(Items from a data source)
-----
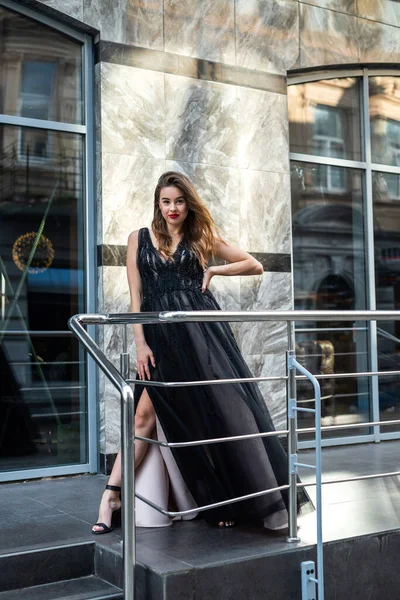 Unglaublich Schöne Frau Voller Länge Posiert Inmitten Der Stadt Einem — Stockfoto
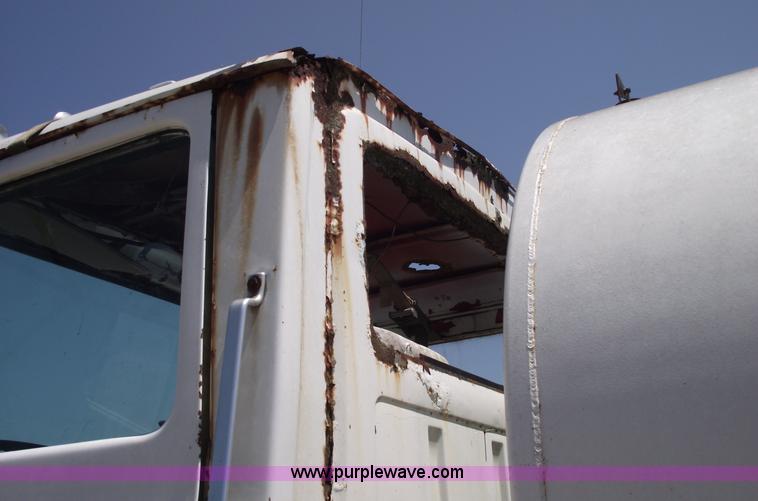 image for item A4142 1975 Ford L9000 water truck
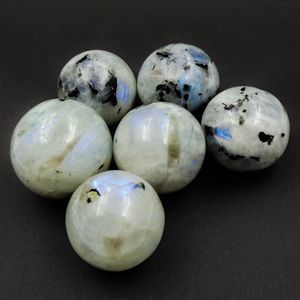 Esfera de piedra lunar arcoíris natural, bola de cristal con destello azul, piedra curativa para Reiki, meditación, energía, decoración, venta al por mayor - Product Image 1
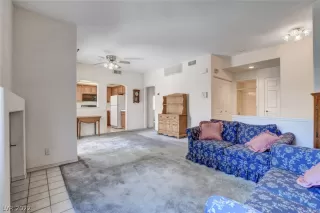 Photo #5: 2412036 Listing 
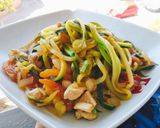 Foto del paso 4 de la receta: Pasta de calabacín al wok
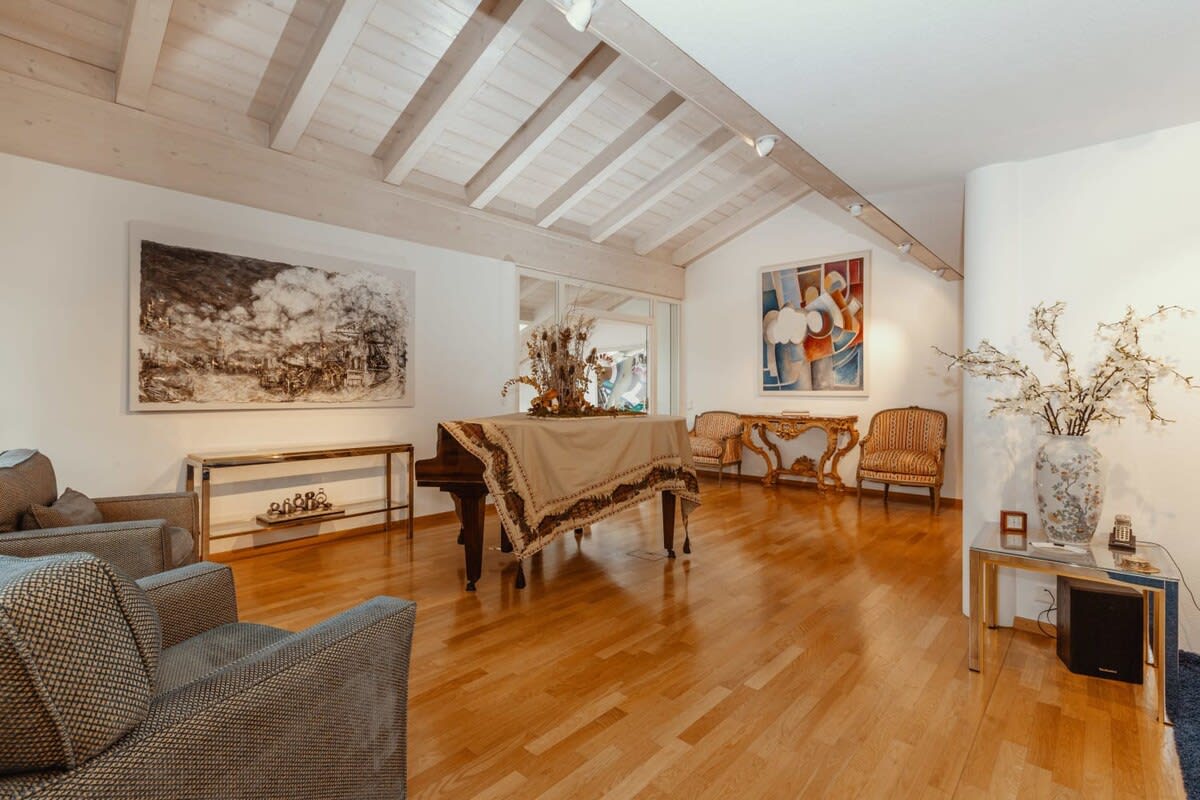 Luxury_Villa_Living_Chalet_Penthouse_Gstaad_Switzerland39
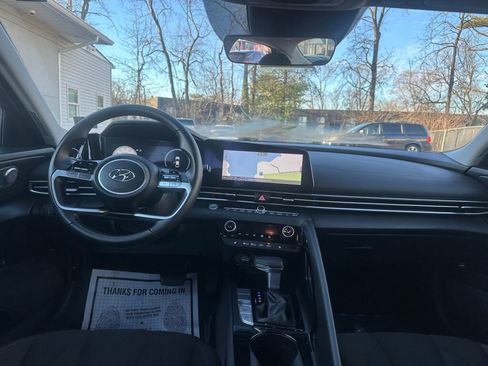 Used 2023 Hyundai Elantra SEL w/ Convenience Package image 18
-----
### AIM OF THE EXERCISE
Transcribe the records above exactly and drop every picture.

### TASK SOLUTION
 Unglaublich Schöne Frau Voller Länge Posiert Inmitten Der Stadt Einem — Stockfoto
 image for item A4142 1975 Ford L9000 water truck
 Esfera de piedra lunar arcoíris natural, bola de cristal con destello azul, piedra curativa para Reiki, meditación, energía, decoración, venta al por mayor - Product Image 1
 Photo #5: 2412036 Listing 
 Foto del paso 4 de la receta: Pasta de calabacín al wok
 Luxury_Villa_Living_Chalet_Penthouse_Gstaad_Switzerland39
 Used 2023 Hyundai Elantra SEL w/ Convenience Package image 18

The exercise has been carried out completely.